Elisabeta riu sarcástica com o comentário da irmã.

— A mando do papaizinho, Lorde Inglês. – completou com uma careta.

— Mesmo que a mando do pai. – encarou, Jane sempre tentava ver o melhor lado de todas as situações. – Ele diz aqui que tenta te escrever há algum tempo, deve estar nervoso.

— E o que eu tenho a ver com isso? – deu de ombros.

— Ele gastou o tempo dele tentando escrever algo pra você, Elisabeta. Ele parece se preocupar. – insistiu e voltou os olhos para a carta, relendo-a.

— Jane, não é possível que você queira romantizar essa situação. – Elisabeta apresentava uma expressão embasbacada com as conclusões que Jane chegara. Aquilo só poderia ser brincadeira.

— Pode ser que eu seja assim mesmo, mas eu acho que você deveria responder. – opinou, mordendo o lábio e esperando a reação de Elisabeta, que não tardou a expressar-se.

Elisabeta levantou-se da cama em um pulo.

— Mas nem pensar. – torceu o nariz, negando com a cabeça diversas vezes.

— Sim. – Jane riu, em um sim arrastado.

— NÃO! – exclamou, com um tom de voz um tanto alto.

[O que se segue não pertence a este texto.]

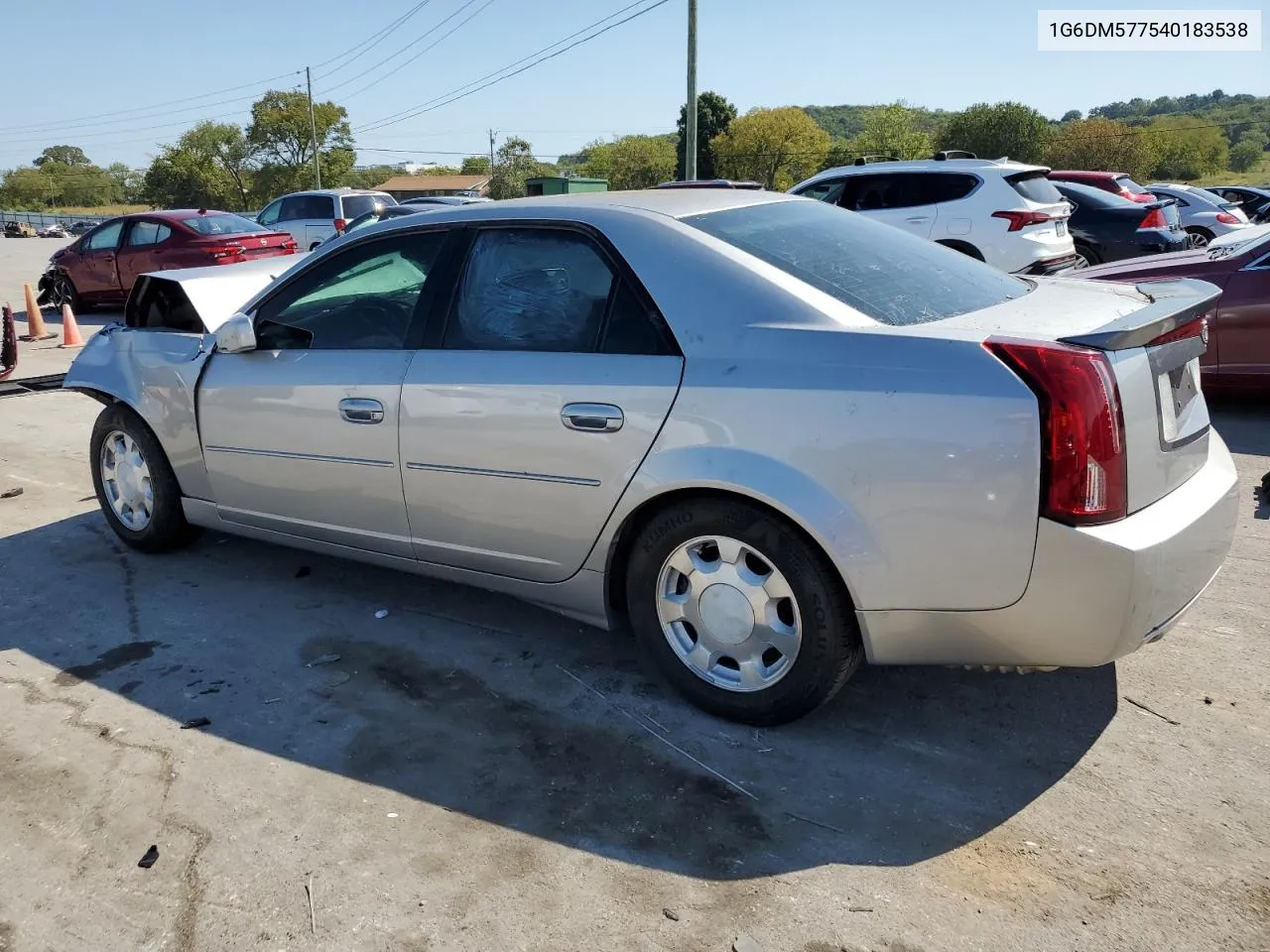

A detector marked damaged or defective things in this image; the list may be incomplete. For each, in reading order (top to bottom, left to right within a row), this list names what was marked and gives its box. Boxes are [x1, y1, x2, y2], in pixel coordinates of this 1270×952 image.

red damaged sedan [38, 210, 298, 311]
red damaged sedan [1080, 225, 1270, 397]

— Sim, Elisabeta. Mesmo que seja pra agradecê-lo por enviar a carta. Não seja mal educada, ele merece uma resposta. – Jane constatou, Elisabeta estreitava o olhar. Já estava com quase nenhuma paciência para aquela babação inexplicável que todo mundo parecia ter com Darcy.

Jane continuou:

— Bom, eu já vou para o meu quarto. – Jane levantou-se, indo em direção à porta. – Fica bem. – beijou a testa de Elisabeta ao sair.

Elisabeta trancou a porta e se encostou à mesma. Levou as mãos aos cabelos, prendendo uma parte pra trás e fechou os olhos. Enquanto respirava fundo e tentava concentrar-se em tirar aquela ansiedade desenfreada que se instalara dentro de si, também se forçava a não ouvir Jane.

Era certo que ele lhe escrevera, mesmo que fosse aquela carta inútil. Era certo também que ele parecia inseguro ao escrever-lhe. E era mais certo ainda que seria bem mal educado de sua parte ignorar aquela carta. Mesmo que fosse a sua vontade. E, realmente, era.

— Jane! Eu nunca vou te perdoar por isso. – disse pra si mesmo entredentes.

Elisabeta sabia que a irmã havia plantado uma semente de culpa em sua mente. A menina, apesar de ter uma língua bastante afiada e não guardar desaforos, odiava ser mal educada com quem não merecia. E ela precisava concordar que os culpados pela sua sina eram seu próprio pai e o Lorde Archiebald Williamson. Sentia certo receio por Darcy parecer concordar com aquela situação, mas não o conhecia o bastante e havia a possibilidade do seu pai tê-lo obrigado a escrever para ela. Os dois haviam sido colocados naquela situação.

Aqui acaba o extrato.